Unterdessen ertrinkt Wall Street gerade in Geldern der US-Notenbank und feiert fleißig, so als lebten wir immer noch im Jahre 2005. In einem kürzlich erschienen Artikel mit dem Titel „Brieftaschen raus, Wall Street gönnt sich was“, beschreibt die New York Times die Party eines Geschäftsführers einer Bank, der seinen 50. Geburtstag feiert:

„Herr Brille, der in der New Yorker Gesellschaft sehr bekannt ist, trug ein graues Jackett im Stile Hugh Hefners. Die Frauen, die hinter einem pinkfarbenen Seidenvorhang tanzten, waren mit Federschmuck und Satinohren wie Playmates gekleidet.“

Wenigstens gibt es 2010 immer noch ein paar Leute, denen es gut geht.

Für die gewöhnlichen Amerikaner ist das Leben heutzutage jedoch außerordentlich hart. Gute Arbeitsplätze sind unglaublich selten und die meisten Familien verfügen ganz einfach nicht über zehntausende von Dollars, die sie für ein überteuertes Eigenheim vorstrecken könnten.

Sollte die Arbeitslosigkeit nicht wieder zurückgehen und sich die wirtschaftliche Situation nicht verbessern, wird es auch keine Erholung am Häusermarkt geben. Zum Leidwesen der Amerikaner gehen jedoch auch weiterhin Monat für Monat zigtausende guter Arbeitsplätze ins Ausland.

Die meisten Jobs, die gegenwärtig angeboten werden, sind Niedriglohnjobs im Dienstleistungsbereich. Man kann aber keine Familie durchbringen oder sich eine ordentliche Hypothek leisten, wenn man den ganzen Tag in einem Fast Food Restaurant hinterm Tresen steht oder die Kunden bei Wal-Mart begrüßt.

Es gibt viel zu viele Eigenheime auf dem Markt und nicht im Ansatz genügend geeignete Käufer. In einem jüngst auf Bloomberg erschienenen Artikel mit dem Titel „US-Eigenheimpreise stehen kurz vor einem Dreijahrestief, während die Bestände weiter zunehmen“, zitiert man einen Immobilienanalysten nach dem anderen, die alle der Meinung sind, dass die Preise für US-amerikanische Eigenheime höchstwahrscheinlich noch mehrere Jahre weiter fallen werden.

Der US-Eigenheimmarkt ist ein gigantischer Schlamassel. Im US-Bundesstaat Nevada waren im Monat Juli 68% der Hypotheken „unter Wasser“ was heißt, dass bei diesen 68% die Häuser weniger wert waren als die darauf laufende Hypothek. Das ist völlig irre.

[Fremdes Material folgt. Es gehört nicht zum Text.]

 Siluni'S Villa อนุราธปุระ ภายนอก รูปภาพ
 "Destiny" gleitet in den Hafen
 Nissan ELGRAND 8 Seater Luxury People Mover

Es wird noch wesentlich mehr Zwangsvollstreckungen geben und zig Millionen Amerikaner werden ihre Häuser verlieren. Die Preise für Eigenheime werden weiterhin fallen. Jeder, der sein Geld mit dem Bau von Eigenheimen, dem Verkauf von Eigenheimen oder der Vergabe von Hauskrediten verdient, wird unter dieser Situation noch sehr lange Zeit zu leiden haben.

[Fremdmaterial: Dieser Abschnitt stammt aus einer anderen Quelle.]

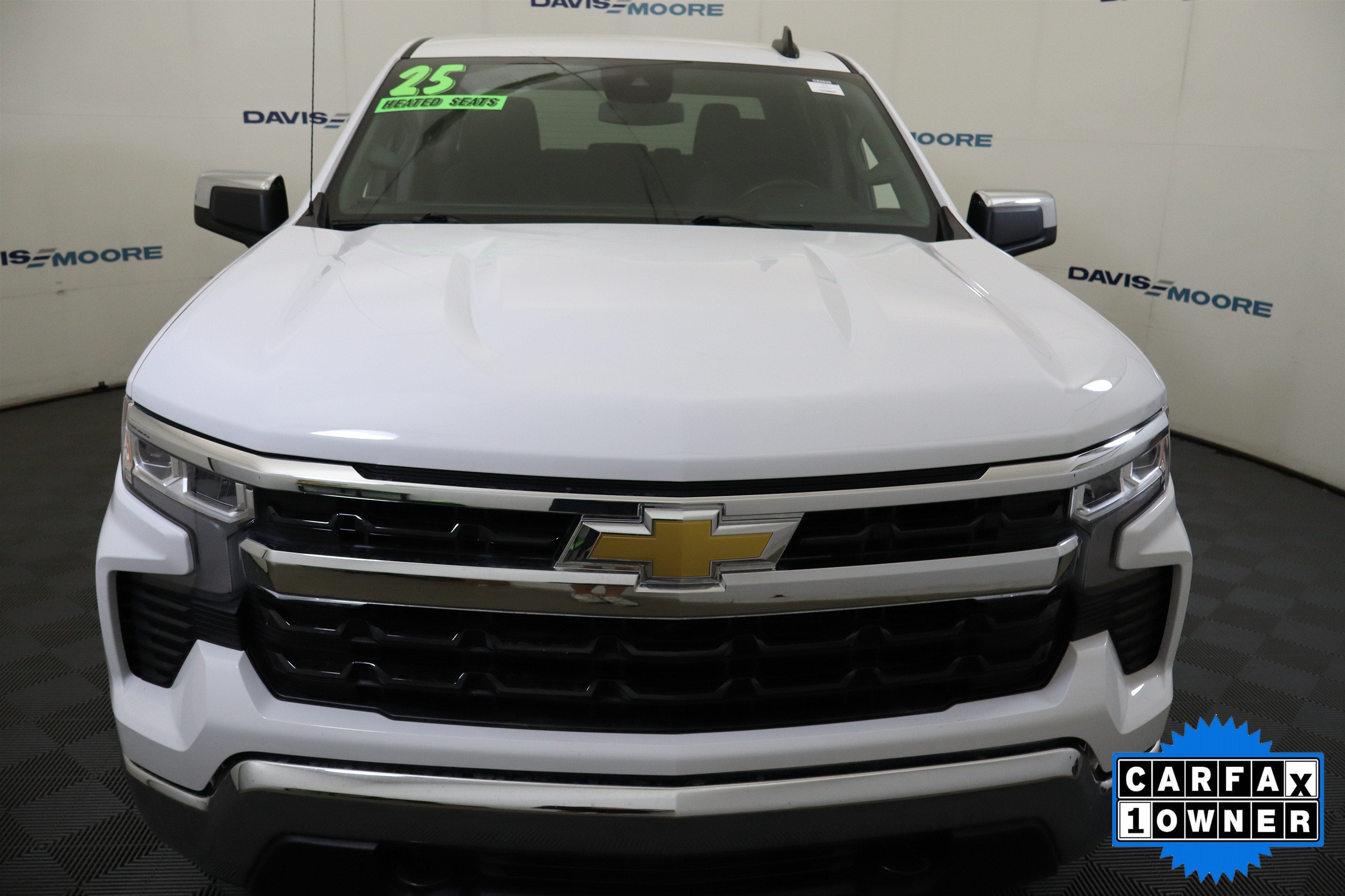 2025 Chevrolet Silverado 1500 LT Crew Cab 4WD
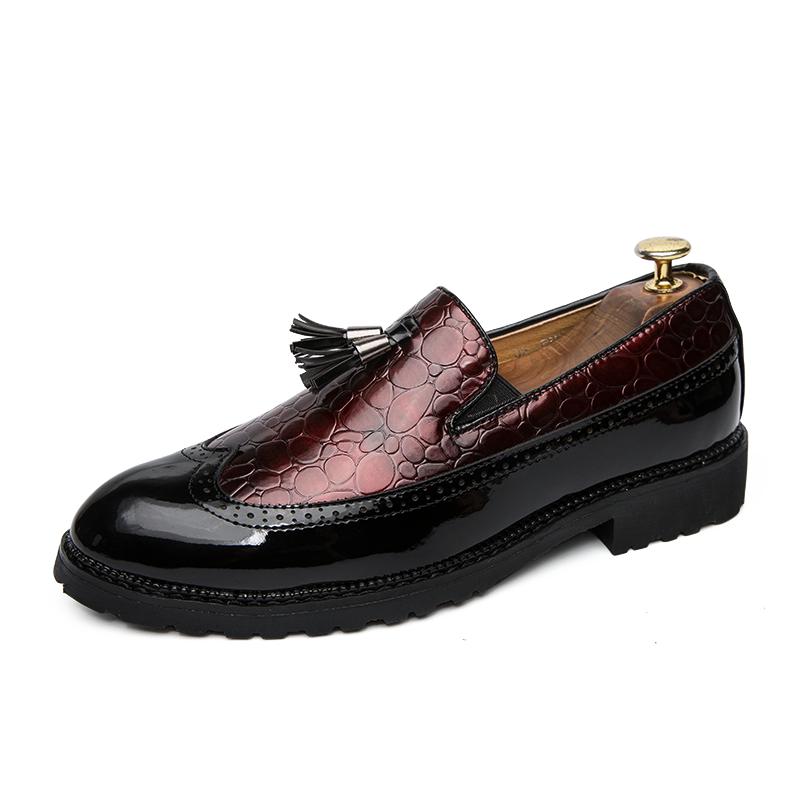 Fashion Leather Loafers Men Shoes Brogue Business Dress Shoes Fashion Platform Shoes Casual Shoes Men Driving Shoes Moccasin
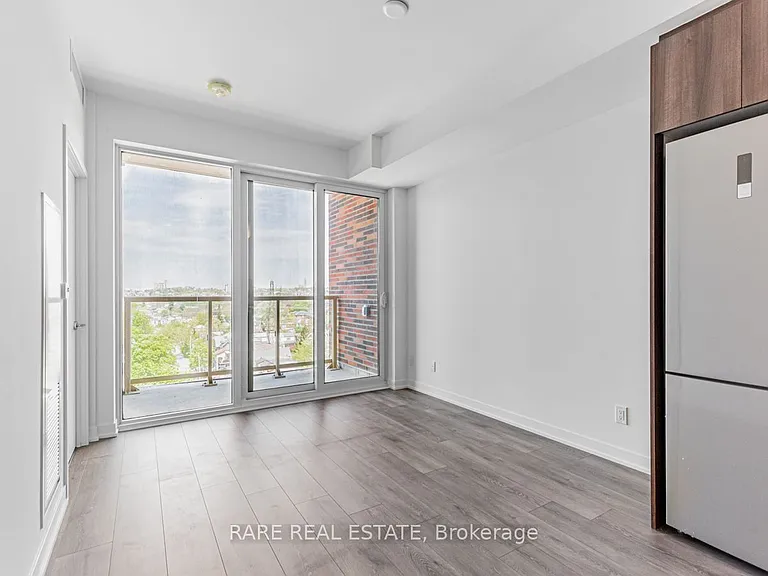 1787 Saint Clair Ave W #815 — Photo 8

Aber genau das passiert nun einmal, wenn eine Blase platzt. Die Federal Reserve hatte die Zinssätze viel zu weit nach unten gedrückt, die Hypothekenanbieter haben Kredite vergeben, die sie niemals hätten bewilligen dürfen, und Millionen amerikanische Familien haben Eigenheimkredite aufgenommen, die sie niemals hätten aufnehmen dürfen.

Die schlechten Nachrichten für die US-Eigenheimbranche werden also aller Voraussicht nach Monat für Monat weiter anhalten. Doch vielleicht sind es auch ganz gute Nachrichten, dass die Eigenheimpreise damit anfangen auf ein Niveau zurückzugehen, bei dem die Amerikaner wieder nach Eigenheimen Ausschau halten, um das ein oder andere Schnäppchen zu machen.